Intellect and Religious Imagination

Anna Devere Smith is best known for powerful and provocative performances. She is perhaps less well known as an Episcopalian.

Smith has just begun a residency at Grace Cathedral in San Francisco centered on the theme of “grace.” The following exchange between Ms. Smith and the Very Reverend Jane Shaw, the Cathedral’s dean, was included in a February 10 article in the New York Times:

“I think people would be very surprised to hear you say that you’re Episcopalian.”

”What would they think I’d be?” Ms. Smith asked.

“You’re a smart person. Why would you be religious?” parried Dean Shaw, in her clipped British accent.

Ms. Smith, however, did not take the bait. Calling religion “an extraordinary act of imagination,” she likened the experience of working on a stage production to the rituals in a church.
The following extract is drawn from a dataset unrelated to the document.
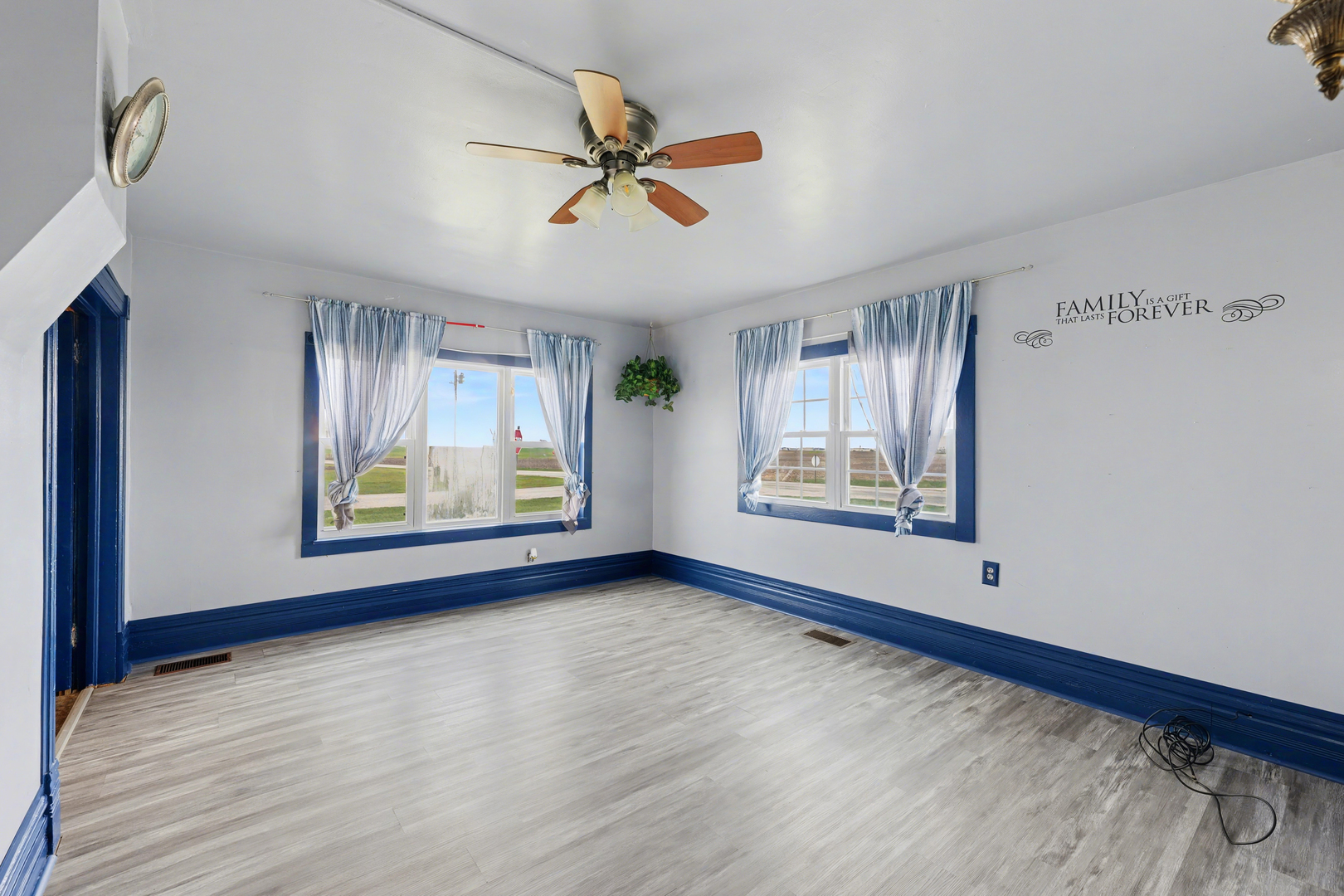 724 East 2600 North Road Penfield, IL 61862 - Photo 22 of 43 a view of an empty room with window and wooden floor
I love this exchange. Dean Shaw captures a view held by many a liberal intellectual: that smart people are too smart to believe in religion; ergo those who are religious must not be very smart. Sadly, the current political discourse on religion continues to pit science, reason, and religion against one another.

But Anna Deavere Smith, a smart person indeed, refuses to buy into an intellect-or-religion dichotomy. On the contrary, in her description of religion as “an extraordinary act of imagination” the two become bound together; the intellect is not in conflict with religion but offers a way into some deeper understanding and expression of religious experience.

Priests, rabbis, theologians, and intellectuals of many faiths (and none at all) have long understood what Ms. Smith and Dean Shaw know well: that the intellect is essential to understanding religion and religious experience. This has been a hallmark of Anglicanism and the Episcopal Church for centuries.

The religious imagination and the power of the intellect. Episcopal schools are places where both matter and both can and should be explored, together, wherever they may lead.